### We are using a very useful tool here named litellm which is a very lightweight and helpful tool

In [3]:
import os
import requests
from dotenv import load_dotenv
from openai import OpenAI
from IPython.display import Markdown, display
from litellm import completion



tell_a_joke = [
    {"role": "user", "content": "Tell a joke for a student who is studying but is being disturbed by his orange cat"},
]

response = completion(model="openai/gpt-5-nano", messages=tell_a_joke)
reply = response.choices[0].message.content
display(Markdown(reply))

Trying to study with an orange cat around is tough. Every time I say “focus,” he says “paws” and sits on my notes, turning my study session into a cat-astrophe I never planned.

Here above you can see how we get the response from openai chat.completions api and below using the litellm we can see the more in detail nitty and gritty stuff of this output

In [4]:
print(f"Input tokens: {response.usage.prompt_tokens}")
print(f"Output tokens: {response.usage.completion_tokens}")
print(f"Total tokens: {response.usage.total_tokens}")
print(f"Total cost: {response._hidden_params["response_cost"]*100:.4f} cents")

Input tokens: 23
Output tokens: 2686
Total tokens: 2709
Total cost: 0.1076 cents


### Now lets do soemthing very fun and useful, we will simulate a bit of rag like feature with litellm and also we will see how prompt caching works and how it helps reduce us the api costs!!! 

In [5]:
with open("hamlet.txt", "r", encoding="utf-8") as f:
    hamlet = f.read()

loc = hamlet.find("Speak, man")
print(hamlet[loc:loc+100])

Speak, man.
  Laer. Where is my father?
  King. Dead.
  Queen. But not by him!
  King. Let him deman


In [25]:
question = [{"role": "user", "content": "In Hamlet, when Laertes asks 'Where is my father?' what is the reply?"}]

response = completion(model="gemini/gemini-2.5-flash-lite", messages=question)
display(Markdown(response.choices[0].message.content))

In Shakespeare's *Hamlet*, when Laertes, distraught and enraged after hearing of his father's death, cries out, **"Where is my father?"**, the reply he receives is:

**"He is dead."**

This stark and brutal reply is delivered by **Claudius**.

In [26]:
print(f"Input tokens: {response.usage.prompt_tokens}")
print(f"Output tokens: {response.usage.completion_tokens}")
print(f"Total tokens: {response.usage.total_tokens}")
print(f"Total cost: {response._hidden_params["response_cost"]*100:.4f} cents")

Input tokens: 19
Output tokens: 61
Total tokens: 80
Total cost: 0.0026 cents


#### See above how the answer was wrong , now lets use a little bit of rag kinda work around, but as we know so much context will take up a lot of money, then we will also see prompt caching as well

In [27]:
question[0]["content"] += "\n\nFor context, here is the entire text of Hamlet:\n\n"+hamlet

response = completion(model="gemini/gemini-2.5-flash-lite", messages=question)
display(Markdown(response.choices[0].message.content))

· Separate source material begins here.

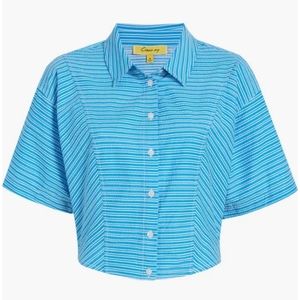 🆕️NWT Circus NY Nicole Stripe Cotton Seersucker Button-Up Shirt, Size XL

When Laertes asks, "Where is my father?", the reply is given by **Claudius, the King of Denmark**.

The specific reply is: **"Dead."**

In [28]:
print(f"Input tokens: {response.usage.prompt_tokens}")
print(f"Output tokens: {response.usage.completion_tokens}")
print(f"Cached tokens: {response.usage.prompt_tokens_details.cached_tokens}")
print(f"Total cost: {response._hidden_params["response_cost"]*100:.4f} cents")

Input tokens: 53208
Output tokens: 36
Cached tokens: None
Total cost: 0.5335 cents


#### The above cost is so much, about 1 cent for such a small answer!, now lets see the power of prompt caching

In [29]:
response = completion(model="gemini/gemini-2.5-flash-lite", messages=question)
display(Markdown(response.choices[0].message.content))

When Laertes asks "Where is my father?", the reply is:

**"Dead."**

This reply comes from Claudius, the King.

In [30]:
print(f"Input tokens: {response.usage.prompt_tokens}")
print(f"Output tokens: {response.usage.completion_tokens}")
print(f"Cached tokens: {response.usage.prompt_tokens_details.cached_tokens}")
print(f"Total cost: {response._hidden_params["response_cost"]*100:.4f} cents")

Input tokens: 53208
Output tokens: 31
Cached tokens: 52216
Total cost: 0.0634 cents


#### see how the cost lowered to about 10 times less, and as you can see the cached tokens is so much! thats the power of prompt caching!